The 1860s in New Zealand was dominated by the effects of the long-awaited discoveries of gold on both islands. As early as 1852 gold had been found around the township of Coromandel, but this rush was short lived, with the gold difficult and expensive to extract here. Modest quantities where then also fund at Collingwood and Aorere near Nelson in 1857. But it was not discovered in easily accessible form and quantity until the strikes that opened up the Otago goldfield in 1861, and then on the West Coast in the mid-1860s.

In Otago gold was discovered in the bed of the Mataura River in 1860 and at Lindis in 1861. The rush, however, was sparked by the young prospector Thomas Gabriel Read’s strike on the banks of the Tuapeka River near Lawrence. Here, just two and a half feet underneath gravel, Read found buried “gold shining like the starts in Orion on a dark frosty night”.

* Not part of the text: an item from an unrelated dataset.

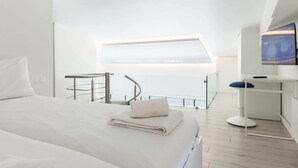 A modern hotel room with a large bed, a desk with a chair, a television, and a balcony with a view of the sea.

As word of the discovery spread, thousands of diggers rushed into the valley still known as Gabriel’s Gully, and soon the nearby city of Dunedin and its businesses people were raking in unheard of amounts of wealth. This wealth then brought in mercantile companies, banks, and a building boom on a monumental scale, making Dunedin New Zealand’s largest and wealthiest city. As a reward for his find and contribution to the ensuing rush and prosperity, Read eventually received a provincial prize of £1000 pounds.

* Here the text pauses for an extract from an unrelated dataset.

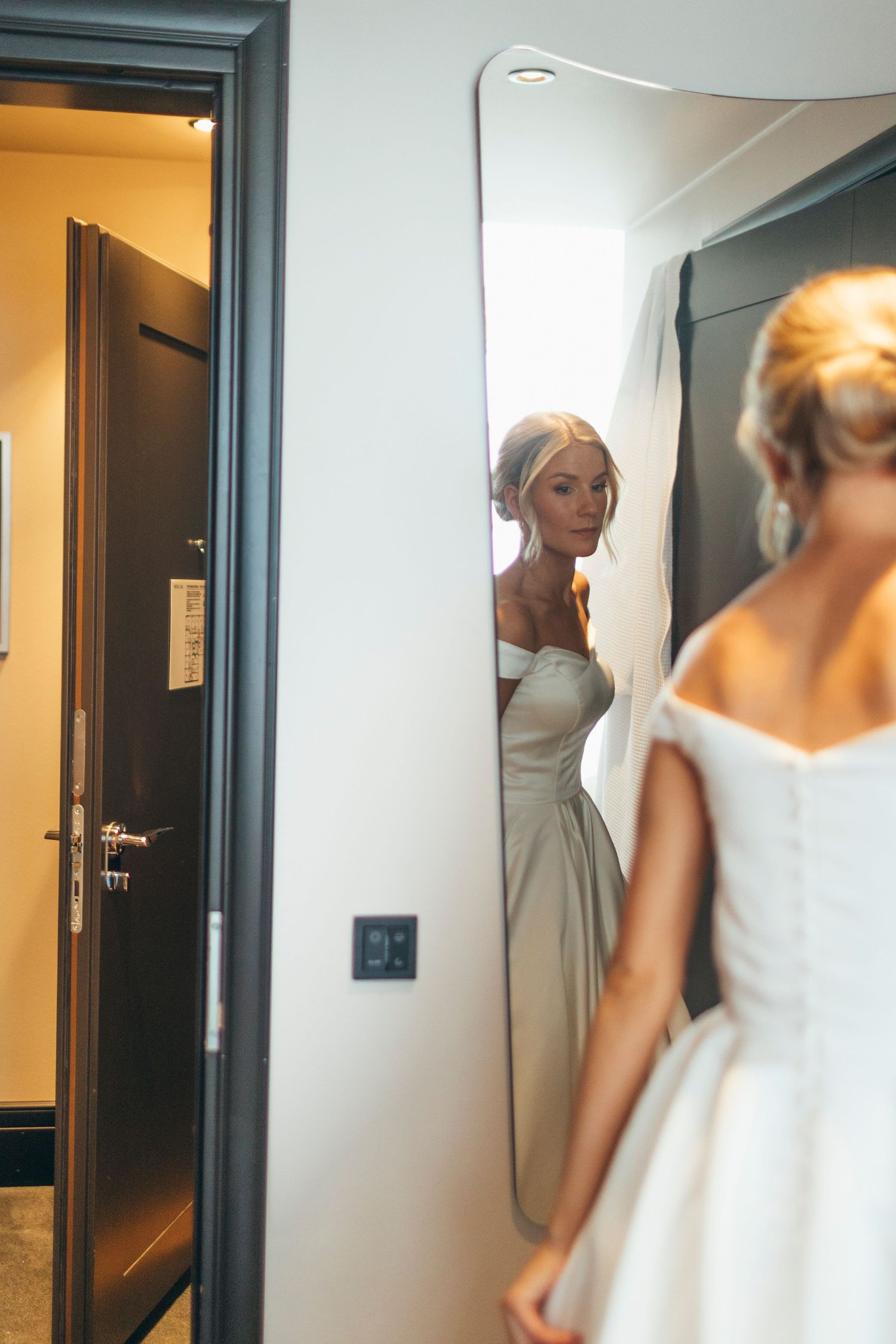 Elegant bridal preparations captured in mirror reflections.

Dunedin town and bay as seen from the hills above, South Island, New Zealand

Other discoveries soon followed at Waitahuna and further afield in Central Otago, where towns sprang up literally overnight. These Otago goldfields were the most spectacularly productive, but other discoveries also occurred elsewhere throughout the decade. From the mid-1860s, a mixture of alluvial and quartz deposits was mined on the West Coast. Then from 1868, discoveries were made back on the Coromandel, this time around Thames and further afield.

As diggers poured in, the non-Māori population of New Zealand rose significantly, almost doubling in the short period between 1861 and 1864, from 98,000 to 171,000. Ten years later, it had increased by another two-thirds to reach 255,000. This included immigrants from countries not previously represented in the New Zealand population, particularly from China.

The Irish presence too increased considerably, many of whom were diggers who had followed the gold trail from California to Victoria and on to New Zealand. Their presence resulted in a demand for Irish priests and bishops to serve the country’s Catholic population, and in an eventual change in the character of the church in the country from a French institution to a largely Irish one.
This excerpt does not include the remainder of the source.